O que será de nós, questão fatal nesse limiar do Ano Novo,
perguntam-se os brasileiros, jogando flores brancas ao capricho das ondas,
esperando uma resposta amiga da Rainha do Mar.
A incerteza fez-se a regra do mundo, o princípio que rege
todas as coisas e conviver com ela é o verdadeiro purgatório contemporâneo, sem
que nenhum céu mais adiante seja de fato garantido, abandonados que somos ao
jogo incerto do acaso e da necessidade. O destino se cumpre na medida em que se
escreve, afirma um dos meus autores preferidos, o prêmio Nobel de medicina
Jacques Monod.
O futuro não é uma história pronta que um vidente vai buscar
em algum lugar secreto ou que o vento sussurra. O futuro não está em lugar
nenhum, ele não existe senão como expectativa presente.
O futuro não está escrito senão na ilusão de jogadores que
multiplicam apostas, ele é uma página em branco onde um autor imaginativo pode,
a qualquer momento, escrever o improvável.
O jogo mais desafiante e paradoxal é o calculo das
improbabilidades. Nada nos resta pois senão, a cada dia, fazer escolhas
assumindo a autoria de nossos destinos. Não há que temer as encruzilhadas de um
labirinto. Elas não são a certeza de um beco sem saída, são a oportunidade de
fazer a boa escolha.
É pelas frestas da incerteza que se infiltra a esperança. A
esperança não é um sentimento abstrato, uma prece passiva a um Deus silencioso
e opaco. Se fosse, seria paralisante. Tampouco tem a ver com otimismo ou
pessimismo. Estes estão mais próximos das certezas, do sim ou do não.
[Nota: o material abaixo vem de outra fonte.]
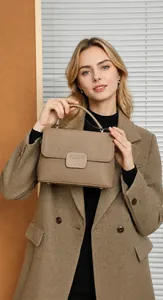 Model wearing a khaki lychee leather handbag with a wool coat in a modern studio setting
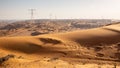 Golden desert dunes landscape with transmission towers on the horizon, UAE.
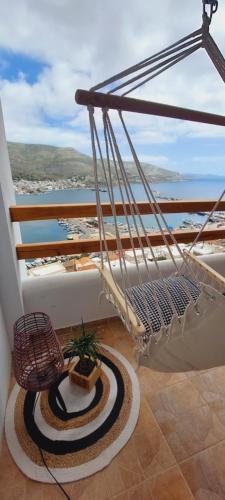 a balcony with a hammock and a view of the ocean at Spongia Apartments Kalymnos in Kalymnos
A esperança habita a terra de ninguém da incerteza onde o
improvável não está excluído. A esperança tem vida própria e nos expulsa das
cavidades da memória onde se escondem fundadas decepções. É ela que, quando um cansaço imenso busca o testemunho das desilusões, vira as costas e anuncia
que viaja nua para o futuro. Afirma que os otimistas podem se enganar e que os
pessimistas já se enganam no ponto de partida. Antes de partir, alerta: “tenho
uma boa notícia”. E é ela que todos querem ouvir.
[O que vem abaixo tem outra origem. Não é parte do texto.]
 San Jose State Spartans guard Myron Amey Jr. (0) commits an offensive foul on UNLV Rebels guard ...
Ela, a senhora do amanhecer.
A esperança é arquiteta de destinos, é recusa de aceitar o
mal como inexorável vitorioso, é teimosa e insolente. Não faz previsões
otimistas ou pessimistas, constrói realidades, faz acontecer. A desesperança,
sua irmã gêmea, também é construtora de realidades.
Ao reverso. É cúmplice do
inimigo, ajuda a derrota.
Nesse fim de ano tenho sentido os brasileiros
desesperançados. O momento presente é desanimador. Porém, projetar o presente
no futuro é um equivoco que congela o tempo e ignora o legado do passado. Já
vivemos dias piores, anos de chumbo e sombra. De lá para cá refundamos a
democracia, vencemos a inflação, diminuímos as desigualdades.
Caímos em um pesadelo histórico. Não deixamos por isso de
ser mais de 200 milhões de habitantes, vivendo em um imenso território, donos
de bens naturais inestimáveis como a Amazônia e bacias hidrográficas de dar
inveja a um mundo assombrado pela carência de água e de ar puro.
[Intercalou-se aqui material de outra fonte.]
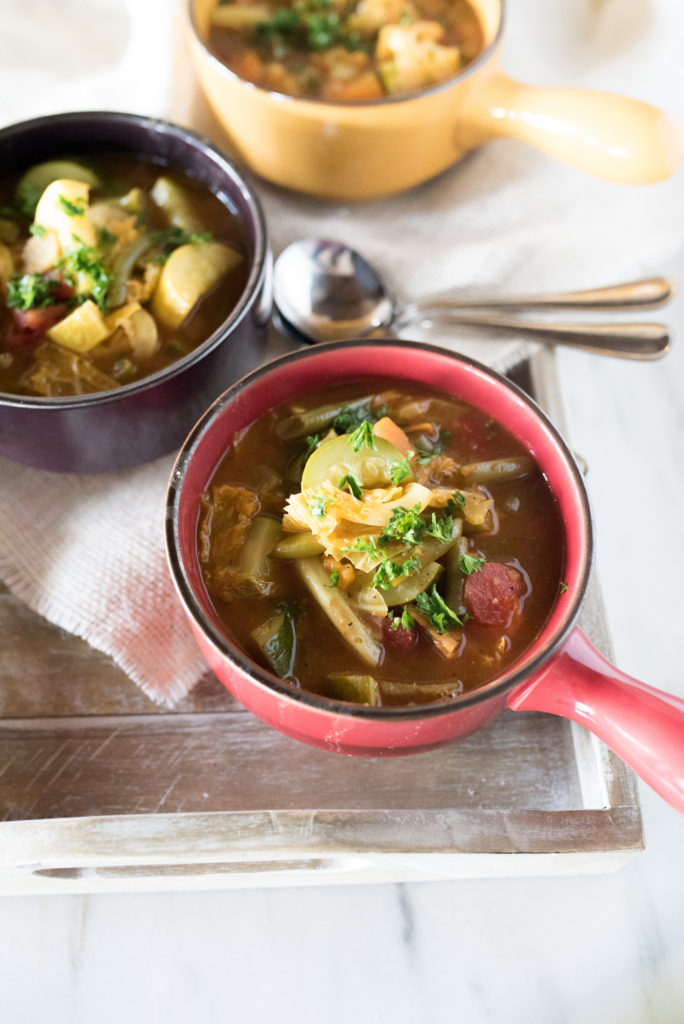 Another great “clean out the fridge” recipe: Vegetable Soup! I encourage you to treat this more as a framework than a recipe. Use what you have and prepare for soul- warming goodness; ladled into a bowl. This soup is surprisingly hearty and perfect for those crisp fall days as the temperatures start to drop.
Uma cultura em que desaguaram três cosmogonias tão estranhas
uma a outra, que há quinhentos anos negociam essas contradições com um
sentimento de incompletude, buscando uns nos outros o que não somos e nos
reconhecendo nessa gente original que nos tornamos, sedimentada por séculos de
miscigenação, cuja identidade é um paradoxo, diversidade que se fez identidade
e que conhece bem “a dor e a delícia de ser o que é”.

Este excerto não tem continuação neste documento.